### EXERCISE PROMPT
Only the lines below from the one with "We are in Chapter" through the one with "Further off of" are to be written out, exactly and without any images.

### EXERCISE MATERIAL
Start of Block

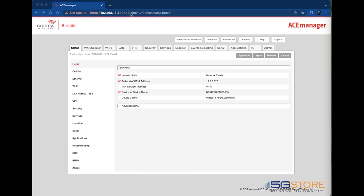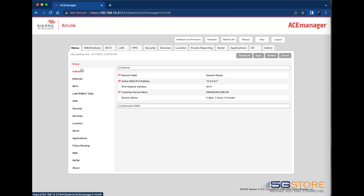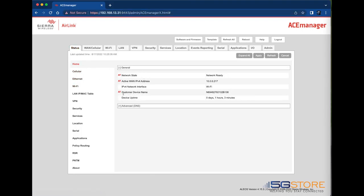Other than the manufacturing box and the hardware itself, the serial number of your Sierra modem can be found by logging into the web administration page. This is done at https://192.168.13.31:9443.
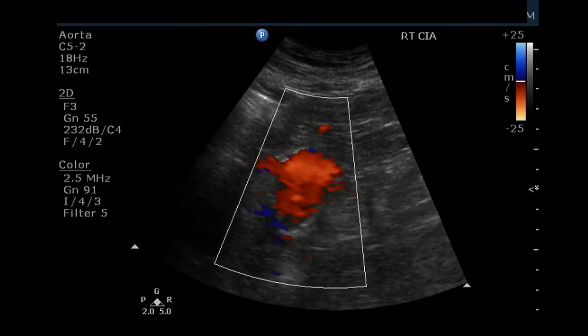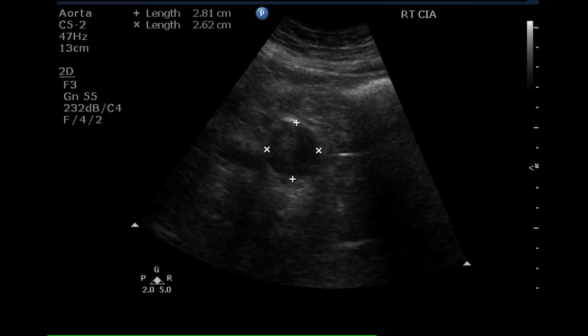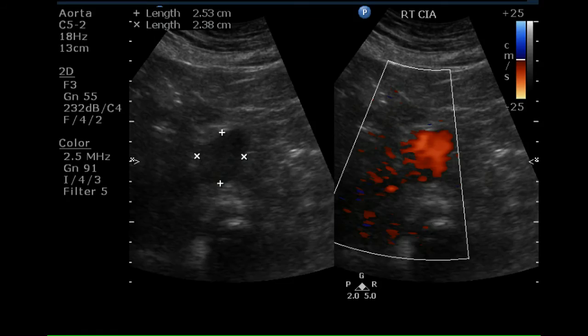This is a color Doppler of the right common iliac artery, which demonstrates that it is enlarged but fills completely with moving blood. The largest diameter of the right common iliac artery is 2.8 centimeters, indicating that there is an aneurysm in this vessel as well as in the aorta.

End of Block
Start of Block

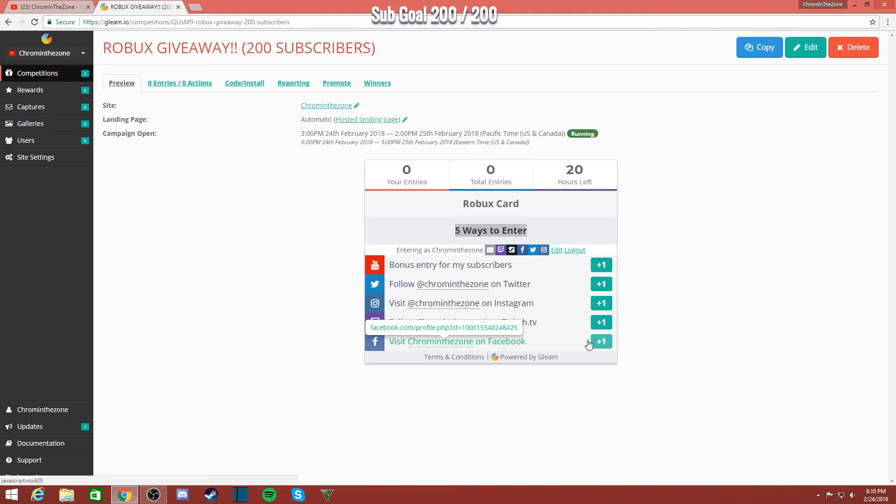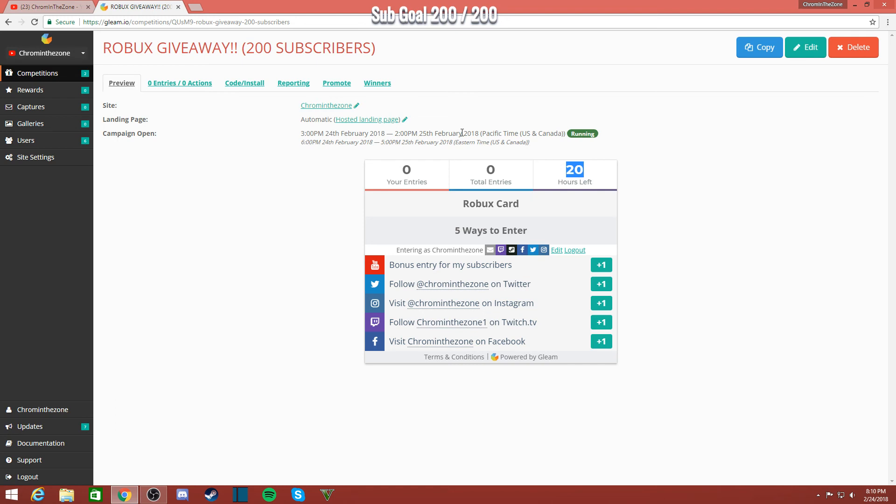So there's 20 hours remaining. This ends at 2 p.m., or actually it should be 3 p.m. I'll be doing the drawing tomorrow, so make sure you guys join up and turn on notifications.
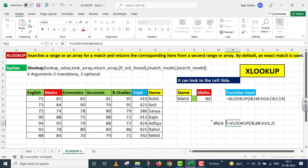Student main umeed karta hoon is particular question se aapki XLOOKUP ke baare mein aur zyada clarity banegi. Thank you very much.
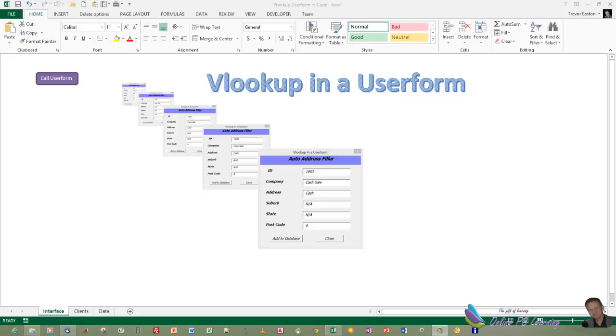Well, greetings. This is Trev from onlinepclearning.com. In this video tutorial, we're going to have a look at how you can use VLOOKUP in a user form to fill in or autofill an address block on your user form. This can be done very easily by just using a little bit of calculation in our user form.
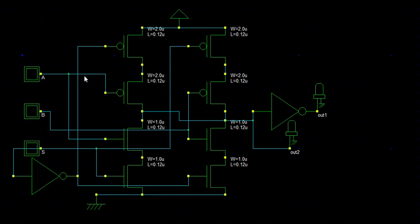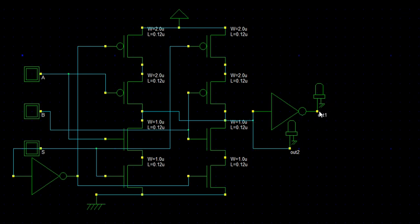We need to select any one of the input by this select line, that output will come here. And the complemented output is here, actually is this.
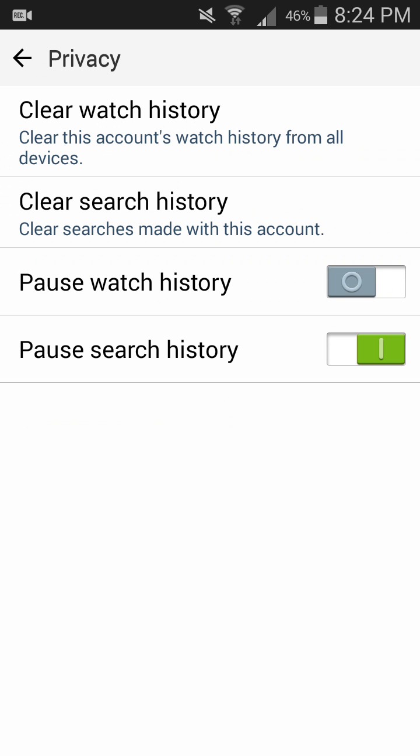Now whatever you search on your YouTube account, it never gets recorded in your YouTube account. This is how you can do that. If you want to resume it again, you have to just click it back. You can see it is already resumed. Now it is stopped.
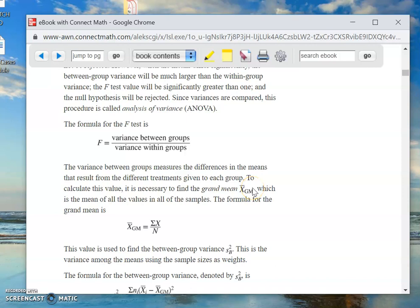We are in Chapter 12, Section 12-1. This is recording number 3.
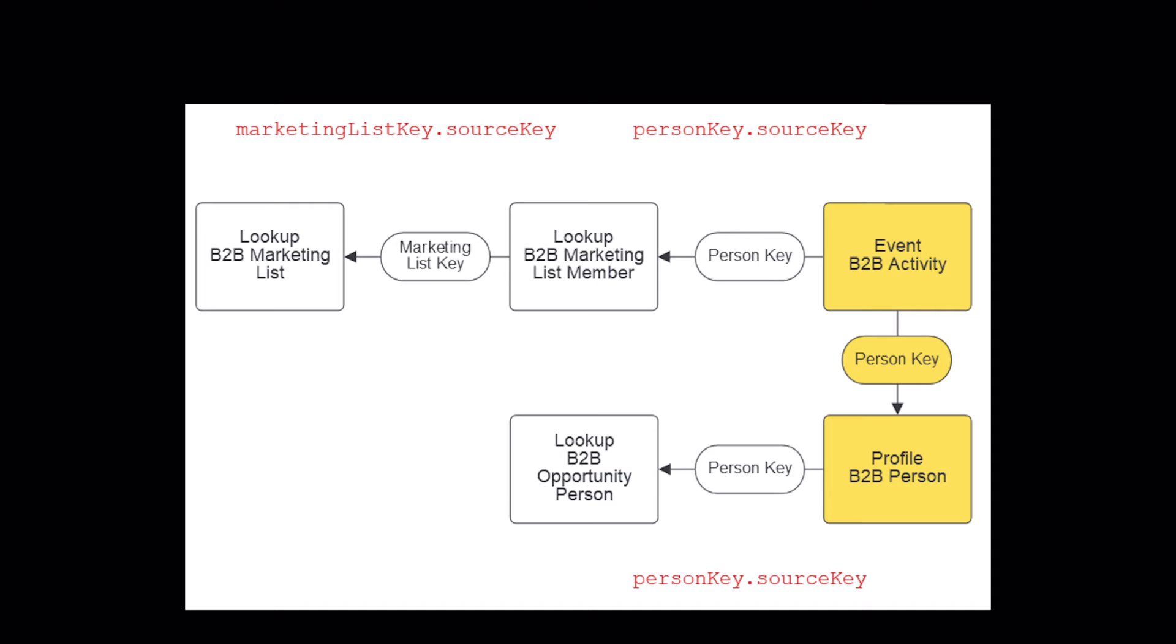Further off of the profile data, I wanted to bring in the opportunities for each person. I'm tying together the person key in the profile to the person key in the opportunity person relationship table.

End of Block
Start of Block

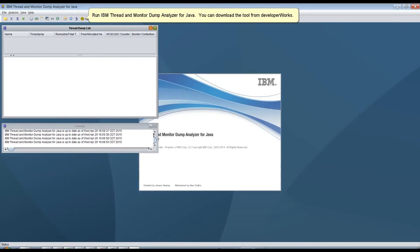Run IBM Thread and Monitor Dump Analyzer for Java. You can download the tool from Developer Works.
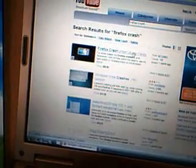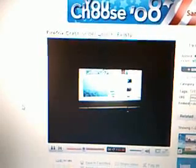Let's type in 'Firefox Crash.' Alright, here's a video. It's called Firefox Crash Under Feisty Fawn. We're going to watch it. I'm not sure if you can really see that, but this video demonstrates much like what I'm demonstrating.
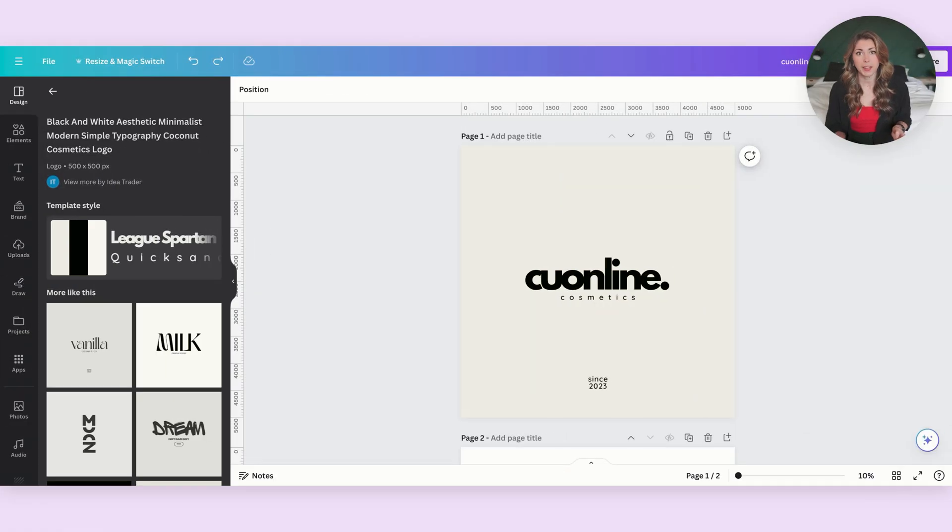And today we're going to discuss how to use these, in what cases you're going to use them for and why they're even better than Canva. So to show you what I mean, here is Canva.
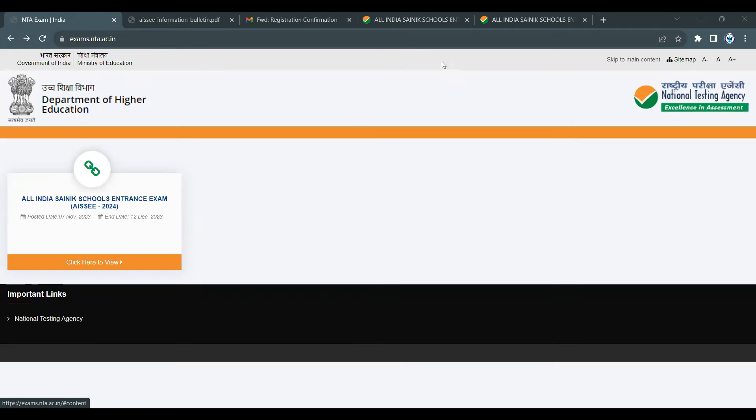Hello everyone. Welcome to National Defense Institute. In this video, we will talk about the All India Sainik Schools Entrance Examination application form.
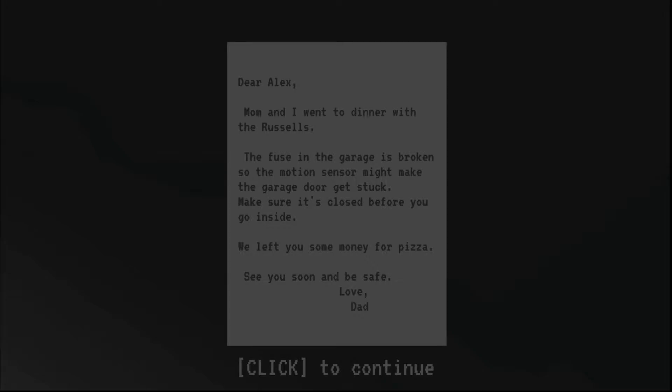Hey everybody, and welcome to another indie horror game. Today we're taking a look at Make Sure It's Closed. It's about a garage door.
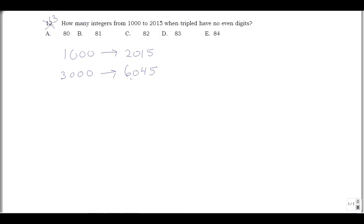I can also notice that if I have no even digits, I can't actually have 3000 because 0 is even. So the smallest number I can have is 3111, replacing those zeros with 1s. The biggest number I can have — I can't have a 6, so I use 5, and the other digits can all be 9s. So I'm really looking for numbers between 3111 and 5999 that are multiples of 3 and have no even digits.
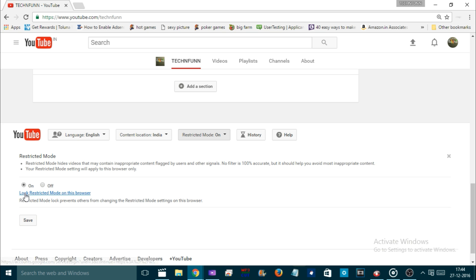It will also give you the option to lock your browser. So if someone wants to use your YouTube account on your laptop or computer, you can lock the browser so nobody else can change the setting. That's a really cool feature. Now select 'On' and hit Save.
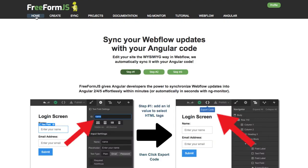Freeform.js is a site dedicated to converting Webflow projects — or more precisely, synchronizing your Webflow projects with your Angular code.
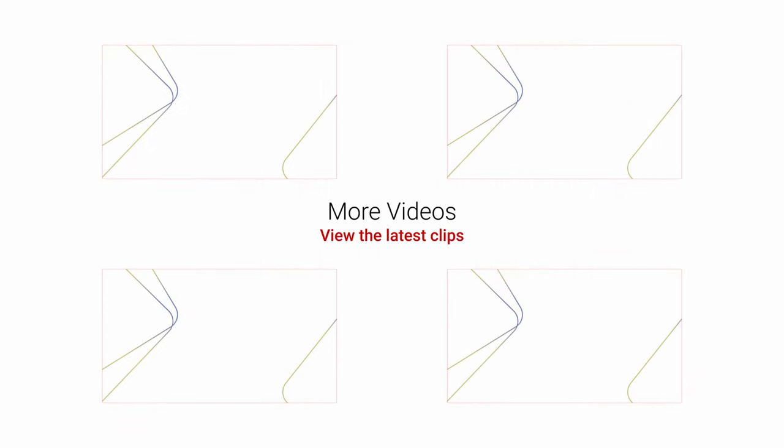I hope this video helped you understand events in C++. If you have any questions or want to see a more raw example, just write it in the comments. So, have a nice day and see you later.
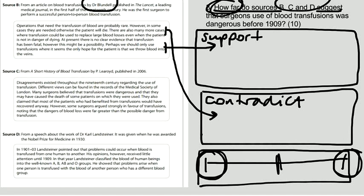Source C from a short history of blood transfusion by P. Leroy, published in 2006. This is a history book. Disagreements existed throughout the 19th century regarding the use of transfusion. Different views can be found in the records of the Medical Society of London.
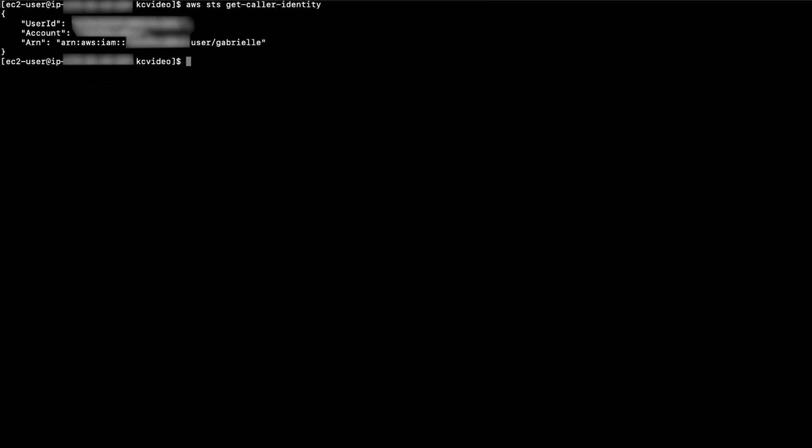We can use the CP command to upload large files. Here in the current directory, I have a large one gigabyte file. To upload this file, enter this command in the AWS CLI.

End of Block

### ANSWER TO THE EXERCISE
We are in Chapter 12, Section 12-1. This is recording number 3.
Further off of the profile data, I wanted to bring in the opportunities for each person. I'm tying together the person key in the profile to the person key in the opportunity person relationship table.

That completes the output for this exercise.